EXERCISE AIM:
Any picture in the range stays out of the copy; retype exactly the lines from the one with "Rose Quartz Crystal" to the end of the listing.

━━━ DATASET ━━━

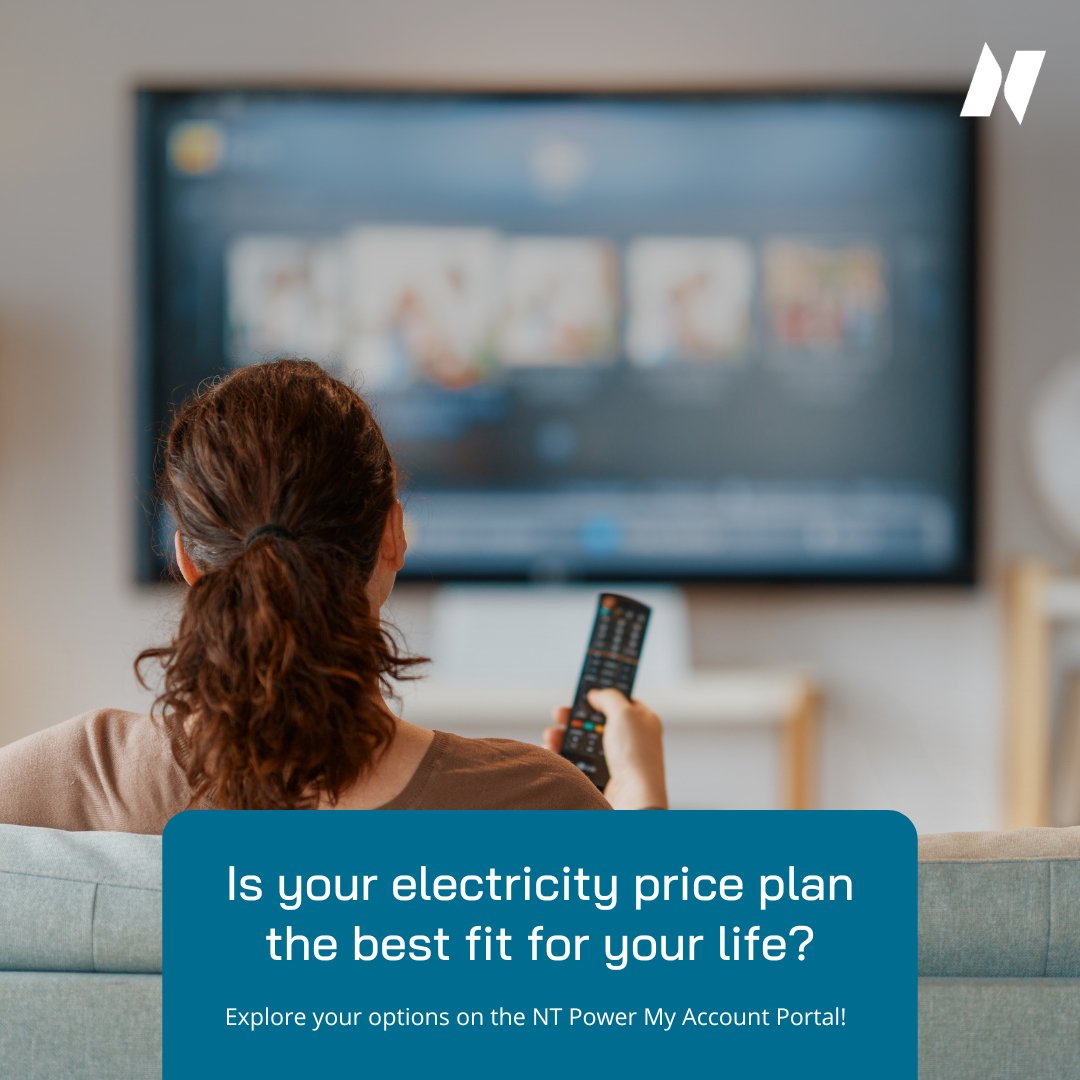 NTPowerNews's tweet photo. 💡 Is your electricity price plan the best fit for your life? Finding the right plan can make all the difference — explore your options and easily make a change through the NT Power MyAccount Portal.
👉 Learn more: https://t.co/CHzZjxGv4Z
#NTPower https://t.co/OSrQRHQMJc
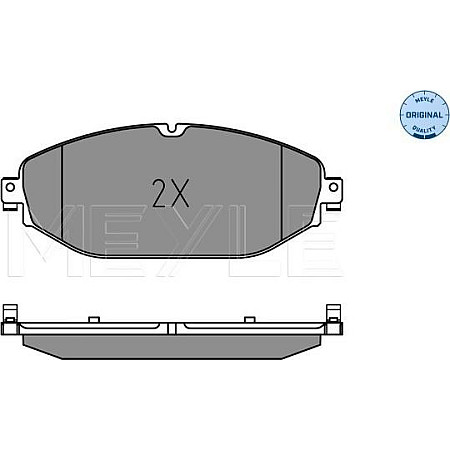 Set placute frana MERCEDES-BENZ C-CLASS T-Model (S205), Turism, 09.2014 - Meyle 025 220 7619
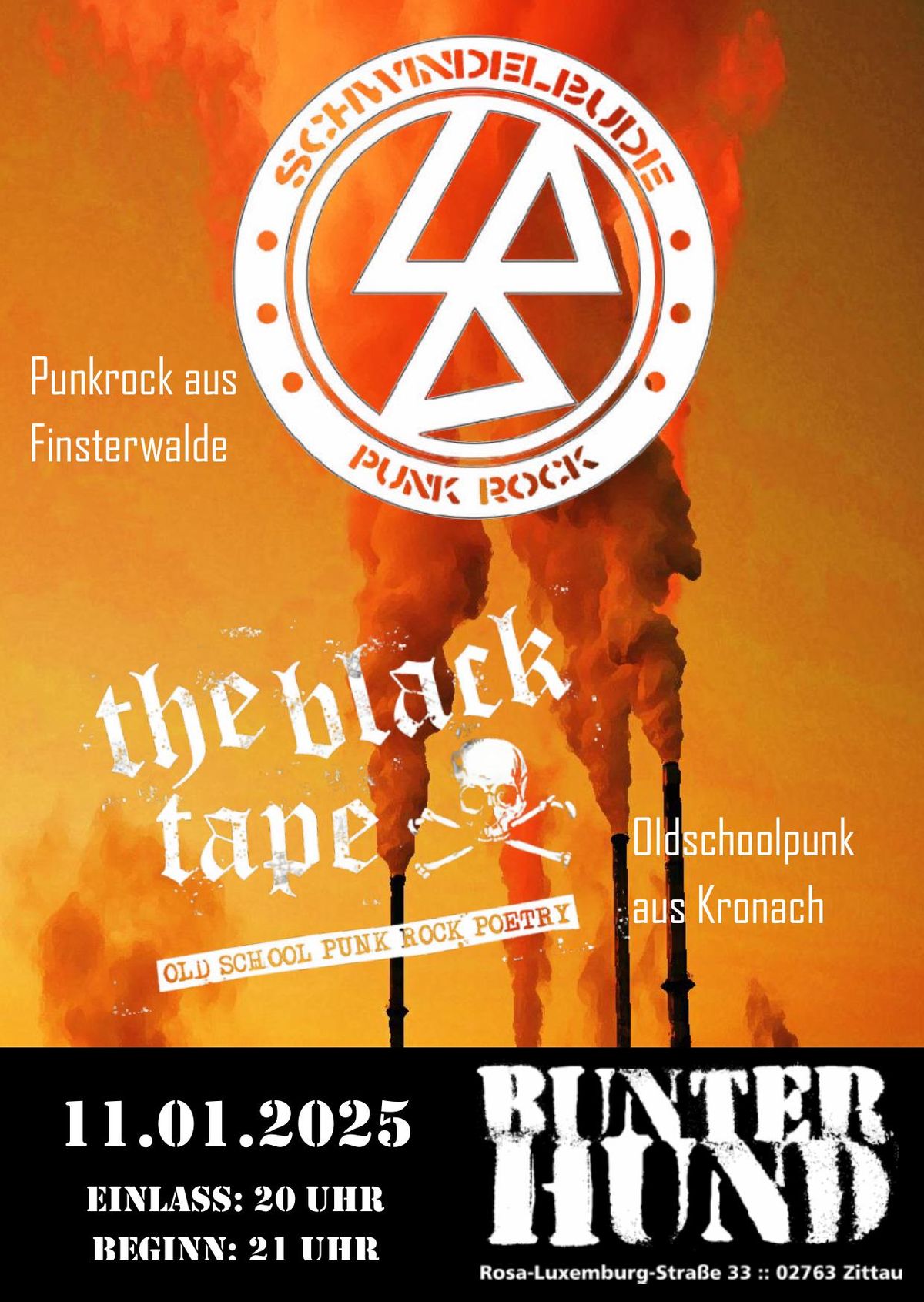 Schwindelbude + The Black Tape @ Bunter Hund Zittau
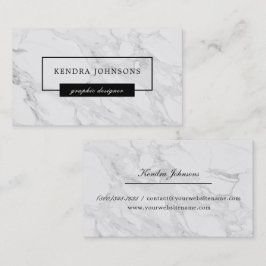 Tarjeta De Visita Mármol moderno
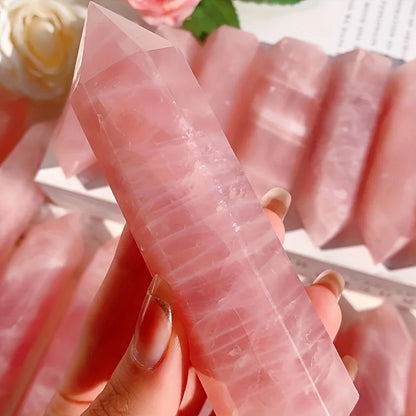 Rose Quartz Crystal Tower – Love & Healing Energy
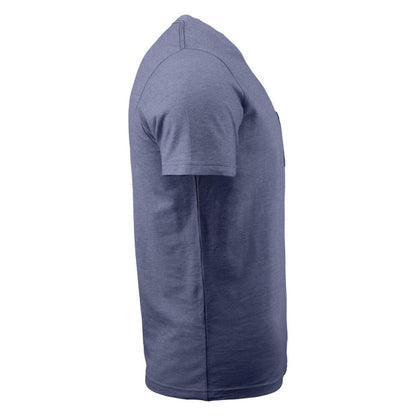 Blue Melange Melange - Pack Shot - James Harvest Mens T-Shirt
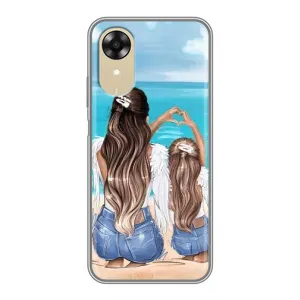 Чохол з друком для Oppo A17k - (Мама з дитинкою) (AlphaPrint)
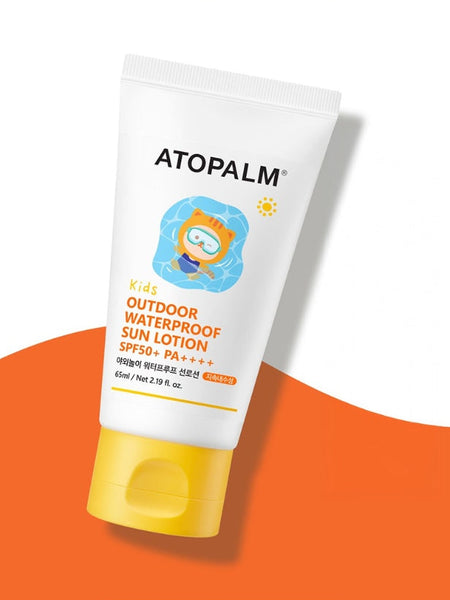 2 x ATOPALM Kids Outdoor Waterproof Sun Lotion 65ml SPF50+ PA++++ from Korea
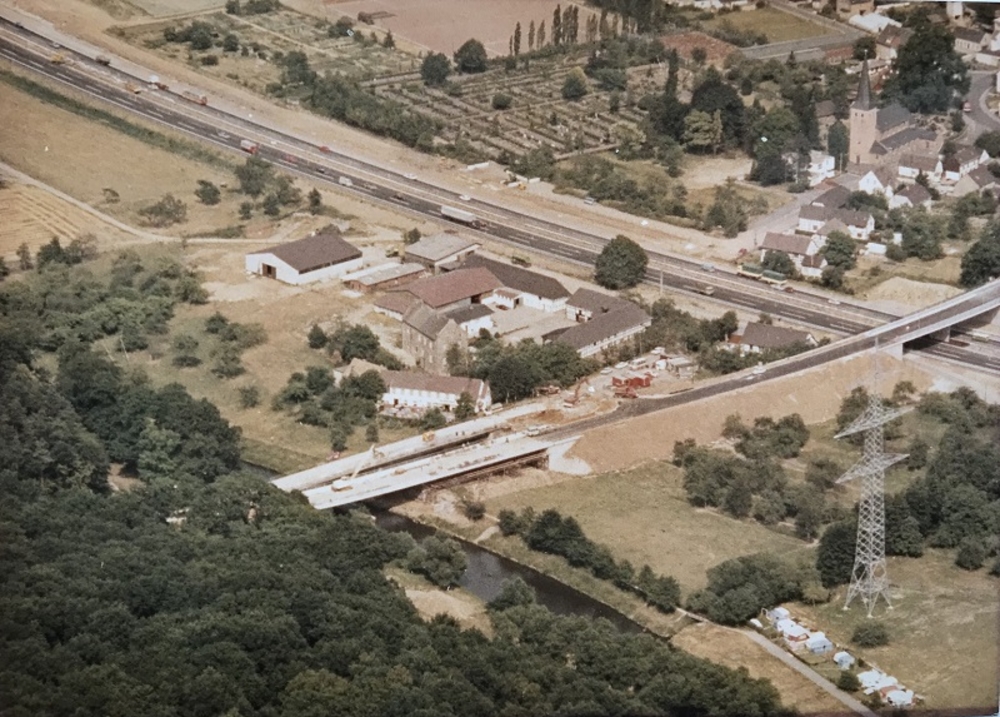 Autobahn,- Aggerbrücke 1970er Jahre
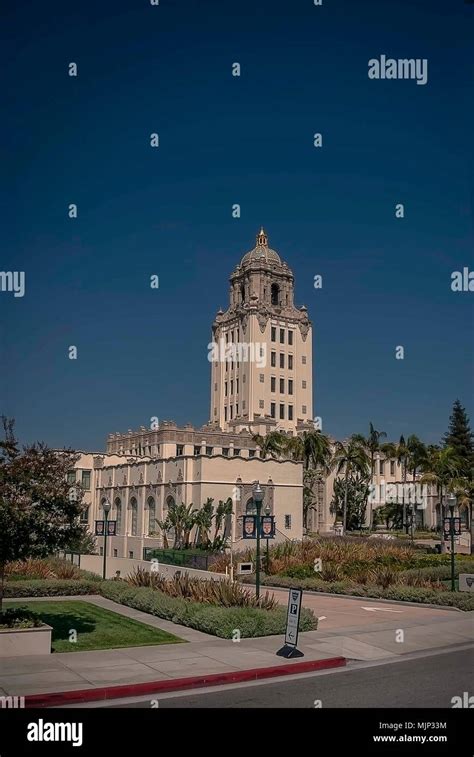 The City Hall in Beverly Hills, California Stock Photo - Alamy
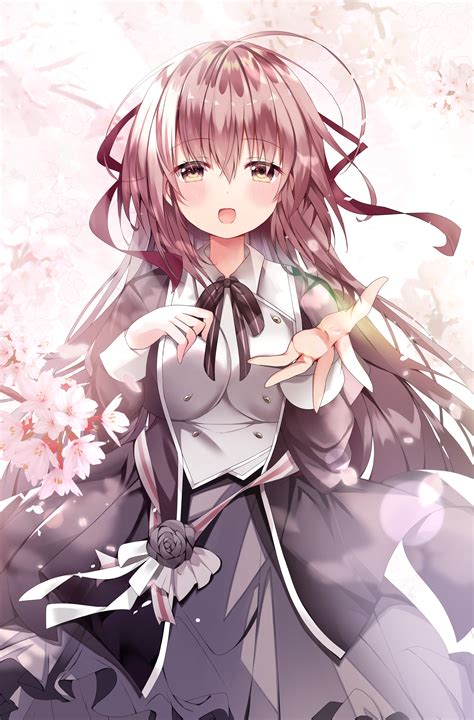 hakugan sakura no sakura no uta misakura rin seifuku | #1069415 | yande.re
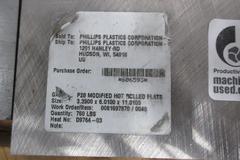 (5pcs) P20 Steel Plates, 3.39" x 6.01" x 11.01" 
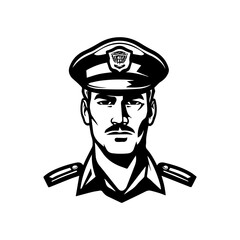 police officer silhouette illustration 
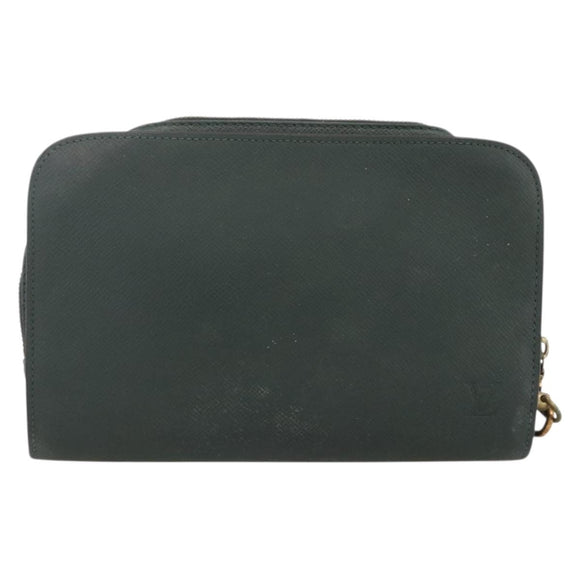 LOUIS VUITTON Taiga Baikal Clutch Bag Epicea M30184 LV Auth 174736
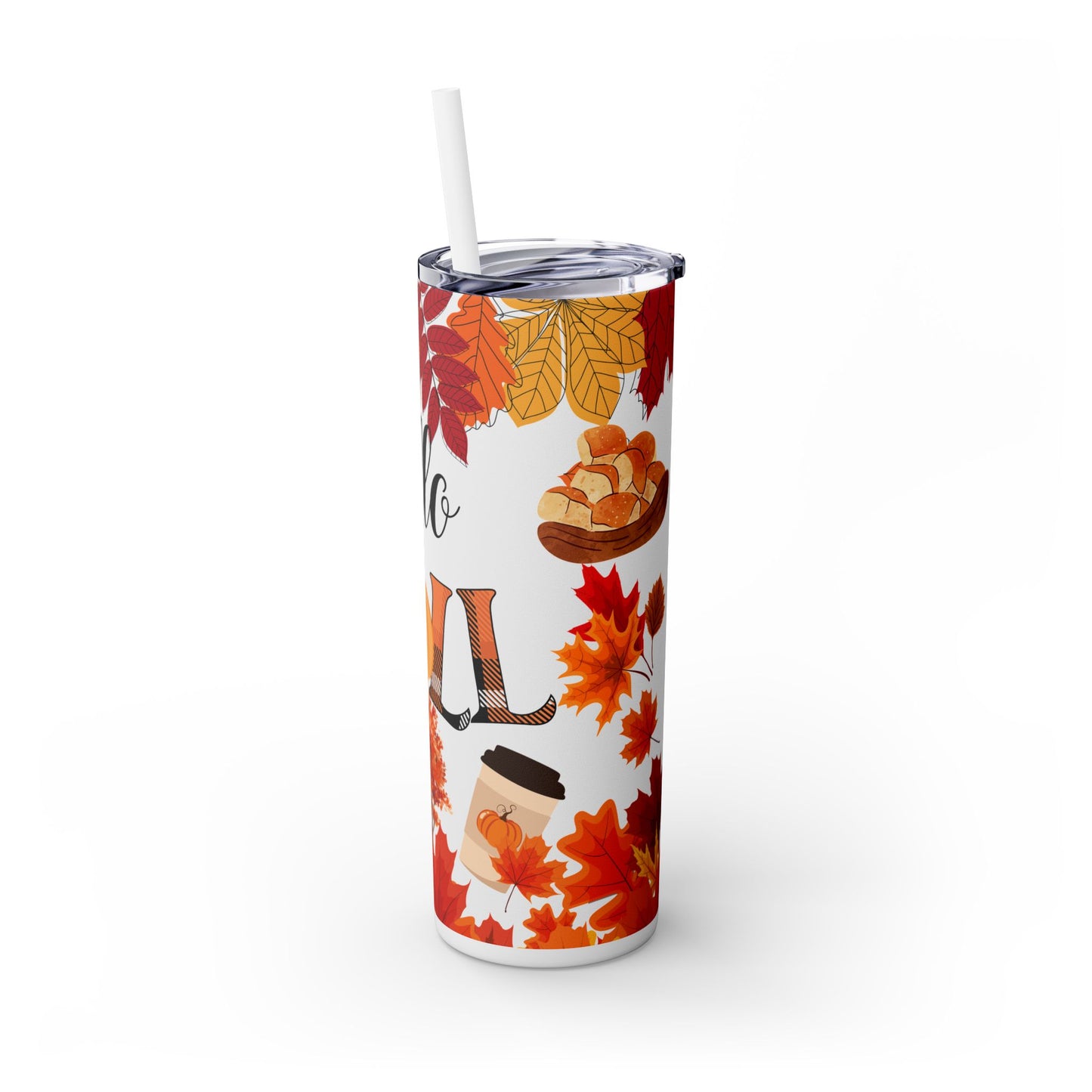 Thanksgiving | Skinny Tumbler with Straw, 20oz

━━━

EXERCISE OUTPUT:
 Rose Quartz Crystal Tower – Love & Healing Energy
 Blue Melange Melange - Pack Shot - James Harvest Mens T-Shirt
 Чохол з друком для Oppo A17k - (Мама з дитинкою) (AlphaPrint)
 2 x ATOPALM Kids Outdoor Waterproof Sun Lotion 65ml SPF50+ PA++++ from Korea
 Autobahn,- Aggerbrücke 1970er Jahre
 The City Hall in Beverly Hills, California Stock Photo - Alamy
 hakugan sakura no sakura no uta misakura rin seifuku | #1069415 | yande.re
 (5pcs) P20 Steel Plates, 3.39" x 6.01" x 11.01" 
 police officer silhouette illustration 
 LOUIS VUITTON Taiga Baikal Clutch Bag Epicea M30184 LV Auth 174736
 Thanksgiving | Skinny Tumbler with Straw, 20oz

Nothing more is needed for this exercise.